« Diabolus in psychopathologia », ou crime, perversité et folie

Résumé Fr En

L’auteur constate qu’à chaque fois que des crimes semblent liés à des troubles psychiques qu’il est difficile de mettre en évidence du point de vue de l’opinion publique, se repose la question du « diabolique » dans la psychopathologie, alors même que cette question est supposée avoir été réglée. Il compare trois moments des réflexions à ce propos : 1) l’apparition de la notion de monomanie ou « folie partielle » à une époque où les cadres de l’ancien régime se sont écroulés ; apparaît alors une distinction d’une grande pureté entre une catégorie diagnosticable par les seuls spécialistes (la monomanie), et le domaine de l’opinion, des bons sentiments (le prétoire, le domaine public en général). 2) le moment de l’appropriation médicale des perversions, qui vient rajouter un volet supplémentaire la question des « folies invisibles » ; il est caractérisé par l’hésitation entre d’un côté la figure « libérale » du pervers ni fou, ni moralement inférieur (Lasègue, Krafft-Ebing), caractérisé par une « sensibilité anormale » non modifiable, et d’autre part la « perversité constitutionnelle » (Dupré, puis Henri Ey) donnée comme présente à la fois dans les tendances paraphiliques les plus diverses et dans l’ensemble des formes de délinquance. 3) la situation actuelle où, malgré (?) le réductionnisme qui tend à prévaloir en matière de psychopathologie on a vu réapparaître au moins trois tableaux psychopathologiques à propos desquelles une intention de nuire proprement maléfique sinon diabolisante a été évoquée : personnalités multiples, meurtriers en série, « pédophiles ». Nous concluons que la difficulté persistante de la psychopathologie à rendre compte d’ agirs socialement réprouvables par des sujets présentant une pathologie psychique incontestable mais peu visible semble liée à trois facteurs relativement constants : le refus de la spécificité des vécus psychotiques, l’inquiétude croissante devant les transformations des limites entre la vie publique et privée, et la projection sur certains individus de mécanismes de déresponsabilisation sociale.
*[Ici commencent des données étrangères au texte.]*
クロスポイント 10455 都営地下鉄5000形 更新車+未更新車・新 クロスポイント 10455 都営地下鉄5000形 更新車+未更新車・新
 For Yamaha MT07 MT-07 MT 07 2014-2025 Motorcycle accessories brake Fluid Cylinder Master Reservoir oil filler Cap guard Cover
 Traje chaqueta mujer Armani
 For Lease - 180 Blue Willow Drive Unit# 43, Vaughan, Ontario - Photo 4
The author claims that whenever some crimes seem to be determined by mental disorders difficult to demonstrate from the point of view of public opinin, the issue of « devilish intentions » come to the fore, even if this issue is supposed to have been solved by modern medicine since the XVIIth century. He compares three moments in the theoretical elaborations of psychiatry on this issue. 1) The emergence of monomania or « partial madness », at a time when the social structures of the ancien régime have crumbled down in France. A major distinction then emerges between a clinical category which can only be evidenced by specialists (monomania) and the domain of public opinion, candid feelings (the court, the public domain in general). 2) the moment when perversions become a medical matter, when a new aspect is added to the issue of « invisible madness » ; it is specified by the hesitation between the « liberal » image of the pervert (neither mad, nor depraved) but endowed with an « abnormal sensitivity » which is not modifiable, and on the other side the « constitutionnal perversity » described by E. Dupré and H. Ey, presented as a characteristic common to paraphiles and delinquents. 3) The current situation in which in spite of the dominant reductionism at least three clinical categories implying an evil and even devilish intention have been coined : multiple personalities, serial killers and pedophiles. We conclude that the ongoing difficulty of clinical theories to account for the unquestionable but socially impalpable pathology shown by some criminals seem to be determined by three main factors : the incapacity to specify clearly psychotic experiences, the unrest in front of the constant transformations of the limits between the private and the public domain and the refusal to endorse social responsabilities with psychotic individuals, that goes together with stigmatization of the latter.